SUPPLIED INFORMATION section start

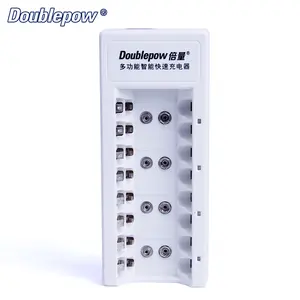 Doublepow 8-khe cắm AA/AAA pin sạc ngắn mạch bảo vệ với LED hiển thị 1.2V 9V Ni-MH/Ni-Cd cho pin lithium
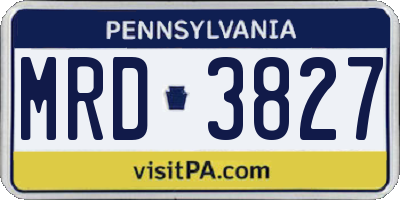 PA license plate MRD3827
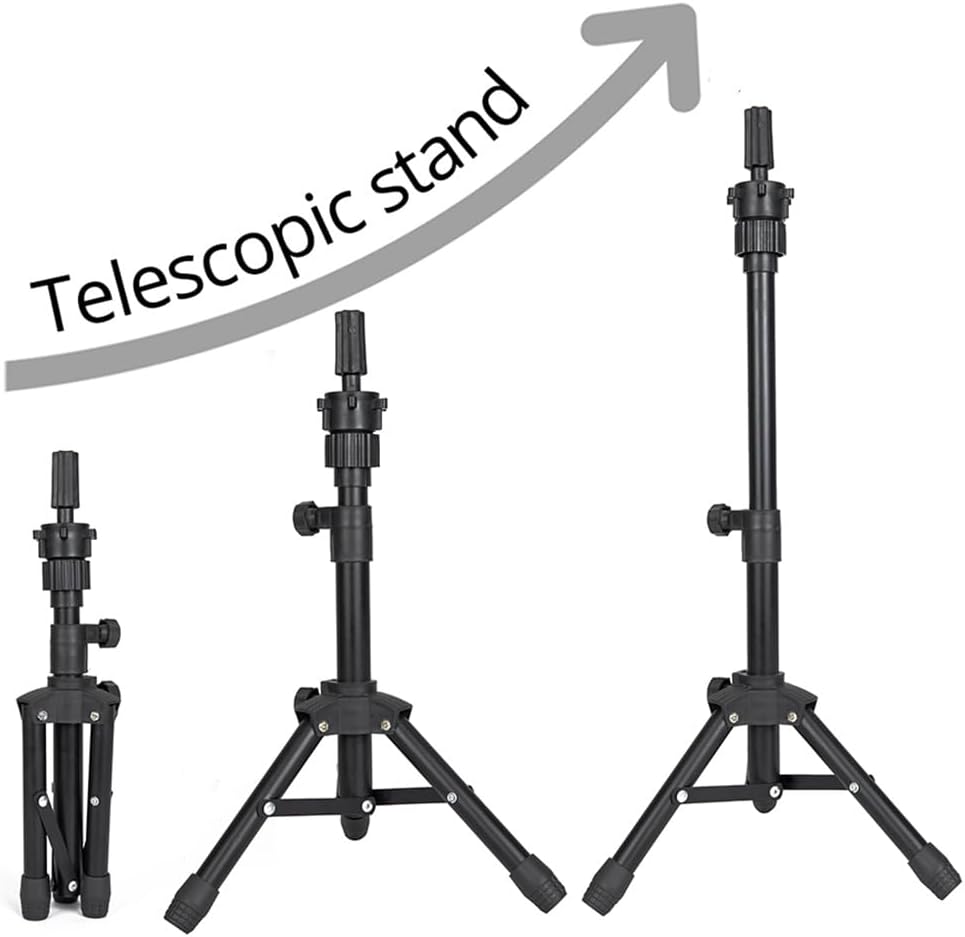 Wig Stand Tripod - 25 Inch Adjustable Mannequin Head Stand for Training & Canvas Block Heads | Lightweight Design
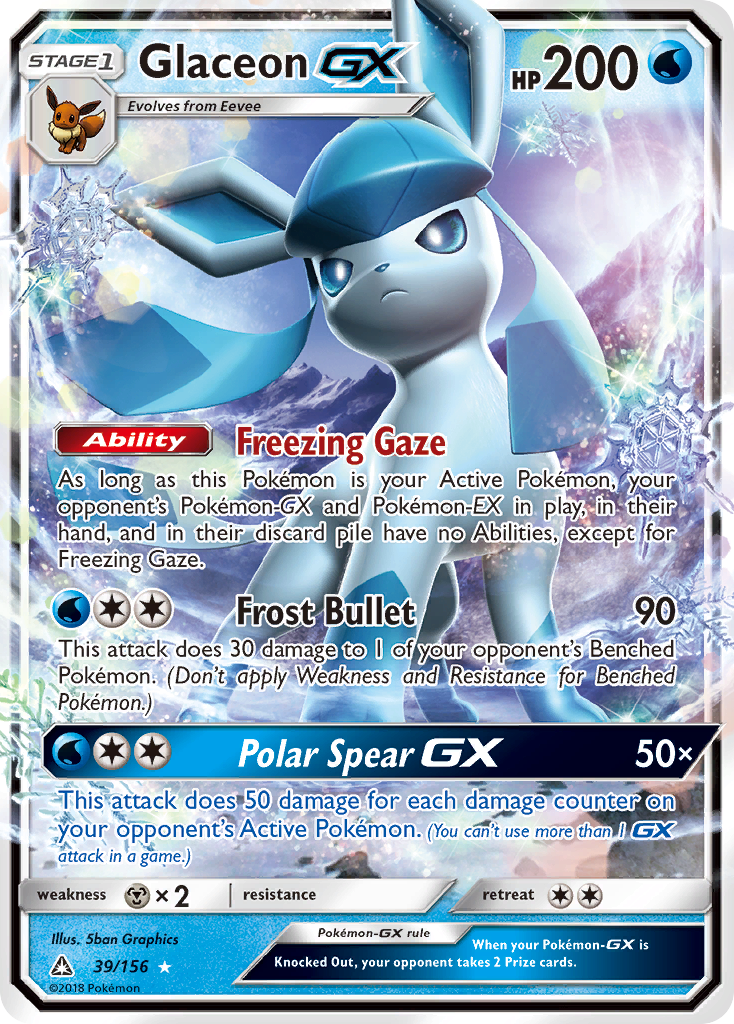 Glaceon GX (39/156) [Sun & Moon: Ultra Prism] | Play N Trade Winnipeg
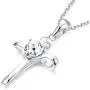 Sllaiss Sterling Silver Tiny Cross Pendant Necklace Heart Crystals From Austria White Gold Plated Celtic Knot Infinity Love Necklace For Women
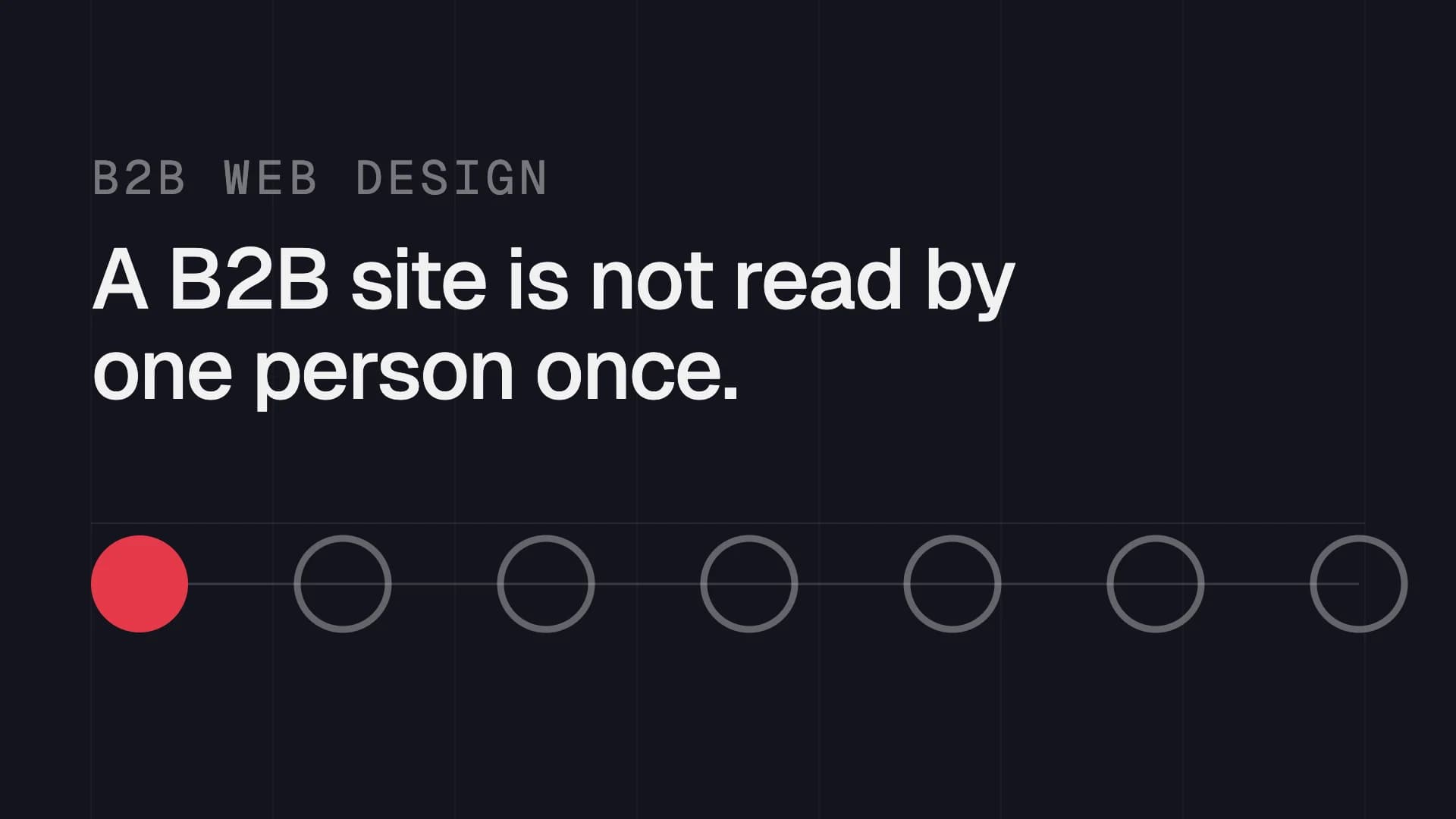 A row of seven circles, the first solid red and the remaining six hollow, joined by a thin rule, beneath the line: a B2B site is not read by one person once.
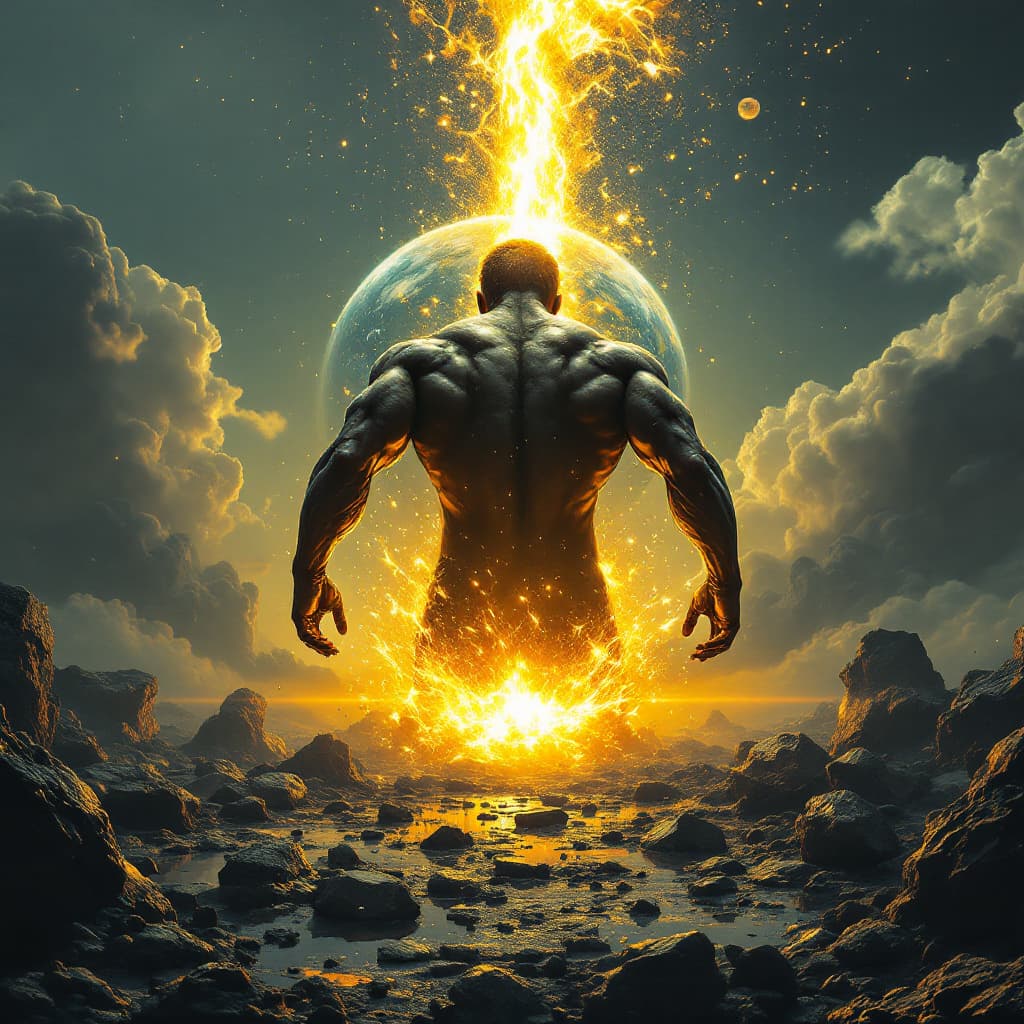 AI generated: Darkwave, synthwave,  epic music album cover. It portrays a close up of a floating very muscular per...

SUPPLIED INFORMATION section end

> _TASK STATEMENT_: Exactly repeat only the lines from the one with "A row of seven" to the closing line above, both included, and omit every picture.

> _ANSWER SECTION_:
 A row of seven circles, the first solid red and the remaining six hollow, joined by a thin rule, beneath the line: a B2B site is not read by one person once.
 AI generated: Darkwave, synthwave,  epic music album cover. It portrays a close up of a floating very muscular per...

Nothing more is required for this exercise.